I’m good at it. I understand how to provoke responses, how to speak to people's frustrations with traditional career paths. I can write hooks that would make recovering corporate types feel seen and understood.
But if I perform the role of "someone who's figured it out," I feel like a fraud. Because most days I don’t. I’m better at describing problems than solving them.
Each time you successfully pretend to have authority you don't feel, the gap between your public persona and private doubts widens. You get better at sounding like an expert, and more sure than ever no-one is falling for it.
Those career fragments I collected? Each one still whispers its own version of inadequacy. "If you'd stuck with research, you'd have real credibility." "If you'd stayed in politics, you'd understand how things actually work." "If you hadn't left teaching, at least you'd be helping people."
Is the portfolio career performance just my latest? Writing about creator economics, performing expertise about the creator path, whilst still figuring it out myself…
The reckoning
Before this draft I’d started writing about slow creators and "imposter syndrome" before I caught myself. That moment was instructive, because I realised I was writing it to convince myself as much as my audience.
But what if the career fragments above aren't evidence of my inability to commit? What if they served a purpose? What if the actualising tendency that kept pulling me away from perfectly reasonable paths was worth following, even when it looked chaotic from the outside?
My mind tells me I should have this figured it out by now. That other people my age have clear trajectories and impressive credentials. If I'd picked one thing and stuck with it, I'd be further along.
But further along towards what, exactly?
I'm starting to suspect that the portfolio career many of us are building – this messy combination of writing, consulting, creating, thinking – is what actualising tendency looks like in a world where the traditional careers no longer make sense.
I'm still figuring this out, obviously. Still carrying my baggage, still performing confidence I don't always feel. But I'm interested in what might happen if I stop trying to resolve the tension and start working with it instead.

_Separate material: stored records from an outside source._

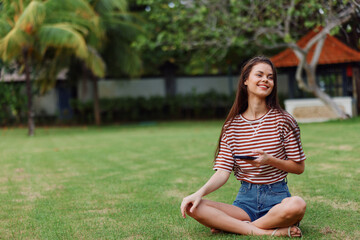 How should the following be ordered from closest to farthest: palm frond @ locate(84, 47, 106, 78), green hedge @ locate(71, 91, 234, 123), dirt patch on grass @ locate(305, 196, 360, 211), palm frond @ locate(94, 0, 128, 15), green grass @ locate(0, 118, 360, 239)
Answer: green grass @ locate(0, 118, 360, 239) < dirt patch on grass @ locate(305, 196, 360, 211) < palm frond @ locate(84, 47, 106, 78) < palm frond @ locate(94, 0, 128, 15) < green hedge @ locate(71, 91, 234, 123)

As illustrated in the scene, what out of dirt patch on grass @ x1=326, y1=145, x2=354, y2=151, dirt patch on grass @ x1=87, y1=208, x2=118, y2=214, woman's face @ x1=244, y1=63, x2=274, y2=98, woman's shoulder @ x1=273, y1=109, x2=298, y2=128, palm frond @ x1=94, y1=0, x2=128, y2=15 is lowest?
dirt patch on grass @ x1=326, y1=145, x2=354, y2=151

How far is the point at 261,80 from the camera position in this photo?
147 inches

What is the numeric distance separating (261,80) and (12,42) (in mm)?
12811

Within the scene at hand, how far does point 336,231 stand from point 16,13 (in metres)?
14.2

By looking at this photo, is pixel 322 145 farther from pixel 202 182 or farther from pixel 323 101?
pixel 323 101

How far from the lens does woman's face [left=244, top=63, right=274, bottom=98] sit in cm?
372

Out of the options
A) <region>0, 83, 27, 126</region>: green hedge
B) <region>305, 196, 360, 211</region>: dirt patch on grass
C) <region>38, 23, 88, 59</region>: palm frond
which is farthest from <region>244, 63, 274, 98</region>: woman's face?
<region>0, 83, 27, 126</region>: green hedge

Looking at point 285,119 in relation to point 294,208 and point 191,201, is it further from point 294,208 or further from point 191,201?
point 191,201

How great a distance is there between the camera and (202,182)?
21.2ft

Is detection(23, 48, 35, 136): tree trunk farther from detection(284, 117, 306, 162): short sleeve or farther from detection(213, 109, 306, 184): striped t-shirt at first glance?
detection(284, 117, 306, 162): short sleeve

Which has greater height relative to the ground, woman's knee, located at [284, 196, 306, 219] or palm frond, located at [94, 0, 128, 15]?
palm frond, located at [94, 0, 128, 15]

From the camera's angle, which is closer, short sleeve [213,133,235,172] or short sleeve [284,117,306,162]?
short sleeve [284,117,306,162]

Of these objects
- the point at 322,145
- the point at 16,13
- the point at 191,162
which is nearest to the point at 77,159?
the point at 191,162

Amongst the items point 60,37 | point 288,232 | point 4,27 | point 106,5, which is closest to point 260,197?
point 288,232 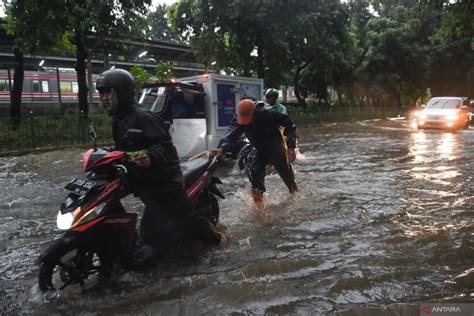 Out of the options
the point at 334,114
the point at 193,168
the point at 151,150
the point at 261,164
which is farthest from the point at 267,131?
the point at 334,114

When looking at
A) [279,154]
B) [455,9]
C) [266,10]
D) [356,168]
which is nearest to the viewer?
[279,154]

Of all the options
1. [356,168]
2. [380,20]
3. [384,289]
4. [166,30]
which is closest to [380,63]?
[380,20]

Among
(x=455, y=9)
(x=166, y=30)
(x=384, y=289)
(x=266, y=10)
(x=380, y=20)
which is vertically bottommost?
(x=384, y=289)

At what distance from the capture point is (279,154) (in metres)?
5.76

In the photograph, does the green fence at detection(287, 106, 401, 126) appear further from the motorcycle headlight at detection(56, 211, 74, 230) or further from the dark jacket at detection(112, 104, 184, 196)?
the motorcycle headlight at detection(56, 211, 74, 230)

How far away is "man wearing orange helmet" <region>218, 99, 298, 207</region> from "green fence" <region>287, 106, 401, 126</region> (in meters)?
18.5

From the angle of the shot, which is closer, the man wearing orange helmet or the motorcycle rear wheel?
the motorcycle rear wheel

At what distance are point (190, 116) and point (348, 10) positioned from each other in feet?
57.5

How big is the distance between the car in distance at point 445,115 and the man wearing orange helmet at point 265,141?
1464 cm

What do you think? I'd love to hear your thoughts in the comments - especially if you've experimented something similar or you’re building a portfolio career yourself. I think the most valuable insights come when thoughtful practice is applied in the real world. That's why I'm documenting my own journey of navigating the creator economic, growing a consultancy, and sharing both the successes and the learning moments as they happen.
I help service business founders build functional systems and distinctive positioning through my consultancy, Designing Value. My approach prioritises practical strategy over generic solutions.
I love this. I wrestle with all of it. Take it from me: A PhD doesn’t shield you from these doubts.
Since I’ve been on Substack, I’ve seen advice to always offer my readers tools in order to deliver value and keep them coming back. I’m uncomfortable with that. Half the problems I write about I’ve only got partially figured out. I share what I think might help but can’t boil any of it down into a three-step process or whatever. That’s why I teach and work with people one-on-one. These things are messy. I prefer to wrestle them live, together. But, yes, I feel like I’m not being a very effective marketer because I’m not posting advice.
Maybe it’s not about being an expert at all. Maybe it’s about being brave enough to reflect publicly. I think most people want more of that and less of the shiny know it all.
I also think watching and following someone’s thought process is more instructive than the lecture that comes at the end.
Finally - thx for introducing me to the concept of the actualising tendency.